Accessoirement, si le marché croit en vos capacités de gestionnaire et suppose durable le nouveau niveau du profit, la valeur de l’action augmente avant la chute (le marché peut croire que l’entreprise vaut 23/0.25 = 92 millions d’EURO), et vous améliorerez encore votre performance en vendant vos actions juste avant que le profit ne s’effondre : la rentabilité de votre placement sera alors de 80 % ou plus.

Tout cela est d'autant plus facile que l'actif que constitue l'avance prise grâce à la recherche ne figure pas dans les comptes. Ceux des actionnaires qui ne regardent que les comptes sont faciles à tromper. 

La manœuvre suppose donc un abus de confiance. Il sera d’autant plus facile, donc d'autant plus tentant, que les marchés seront davantage attirés par le gain à court terme et moins sensibles aux fondamentaux sur lesquels peut se bâtir durablement la valeur d’une entreprise. 

D'autres procédés existent.
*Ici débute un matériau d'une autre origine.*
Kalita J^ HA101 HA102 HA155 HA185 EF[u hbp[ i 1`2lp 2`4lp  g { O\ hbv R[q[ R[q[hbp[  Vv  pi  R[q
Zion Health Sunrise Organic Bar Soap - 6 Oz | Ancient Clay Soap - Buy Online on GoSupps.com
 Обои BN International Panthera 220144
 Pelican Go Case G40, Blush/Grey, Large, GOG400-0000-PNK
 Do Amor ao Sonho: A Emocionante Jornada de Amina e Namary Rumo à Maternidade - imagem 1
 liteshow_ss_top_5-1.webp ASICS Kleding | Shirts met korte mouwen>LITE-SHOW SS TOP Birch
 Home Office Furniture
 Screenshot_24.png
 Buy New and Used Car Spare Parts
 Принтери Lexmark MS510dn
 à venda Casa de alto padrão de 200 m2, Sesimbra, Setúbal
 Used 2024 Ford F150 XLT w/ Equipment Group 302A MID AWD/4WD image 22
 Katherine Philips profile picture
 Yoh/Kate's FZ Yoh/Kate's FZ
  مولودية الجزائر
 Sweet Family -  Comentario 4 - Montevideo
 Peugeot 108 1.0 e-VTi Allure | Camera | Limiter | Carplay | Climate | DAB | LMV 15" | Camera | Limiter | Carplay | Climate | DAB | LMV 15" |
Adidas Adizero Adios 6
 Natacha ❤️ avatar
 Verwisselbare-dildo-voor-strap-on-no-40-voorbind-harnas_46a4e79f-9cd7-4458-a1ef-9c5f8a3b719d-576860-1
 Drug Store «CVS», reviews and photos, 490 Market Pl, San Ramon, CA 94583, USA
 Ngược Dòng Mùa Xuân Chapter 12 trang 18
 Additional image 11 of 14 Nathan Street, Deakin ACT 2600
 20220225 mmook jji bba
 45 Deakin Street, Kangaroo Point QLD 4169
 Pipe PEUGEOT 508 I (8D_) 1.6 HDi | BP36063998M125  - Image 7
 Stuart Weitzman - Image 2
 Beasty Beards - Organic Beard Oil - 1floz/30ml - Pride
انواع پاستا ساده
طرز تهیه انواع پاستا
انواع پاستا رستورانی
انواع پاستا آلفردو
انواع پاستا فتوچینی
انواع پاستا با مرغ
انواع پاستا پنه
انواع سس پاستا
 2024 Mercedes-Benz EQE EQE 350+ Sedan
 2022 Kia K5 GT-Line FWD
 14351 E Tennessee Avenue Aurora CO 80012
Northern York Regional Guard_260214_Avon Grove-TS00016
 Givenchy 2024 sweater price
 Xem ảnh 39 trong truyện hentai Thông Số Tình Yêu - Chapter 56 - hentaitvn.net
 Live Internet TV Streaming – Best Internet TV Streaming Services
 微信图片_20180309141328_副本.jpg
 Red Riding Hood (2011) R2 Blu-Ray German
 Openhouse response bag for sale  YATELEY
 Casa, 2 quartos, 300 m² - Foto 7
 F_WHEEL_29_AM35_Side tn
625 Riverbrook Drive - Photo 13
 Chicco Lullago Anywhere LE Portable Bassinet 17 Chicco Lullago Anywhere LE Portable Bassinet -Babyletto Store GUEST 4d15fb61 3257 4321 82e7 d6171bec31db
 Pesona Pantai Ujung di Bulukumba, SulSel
Une entreprise peut être tentée, si ses actionnaires réclament une rémunération déraisonnable, de liquider des actifs pour paraître profitable. John Grisham a décrit, dans The Rainmaker, une compagnie d’assurance qui donne consigne à ses services d'utiliser pendant une année toutes les procédures possibles pour éviter de payer les sommes dues : avec un peu de chance, la manœuvre passe inaperçue et l’entreprise engrange sans perdre sa réputation une bosse de profit extra.

Lorsque le naïf abonde, les escrocs pullulent. Certes l’escroquerie n’est pas la finance : elle est son parasite ; mais plus les techniques et le langage de la finance sont compliqués, mieux ils peuvent cacher la manœuvre de l’escroc. Les nouvelles technologies procurent à celui-ci des outils efficaces ainsi que des perspectives de rendement qui affolent le marché. 

Il faut savoir démasquer un escroc quand il se déguise en "génie de la Finance".

(1) En supposant que le taux de l’impôt sur les bénéfices est de 33 %.
(2) En supposant que le taux d’intérêt du marché sans risque est de 5 % et que la prime de risque est de 20 %.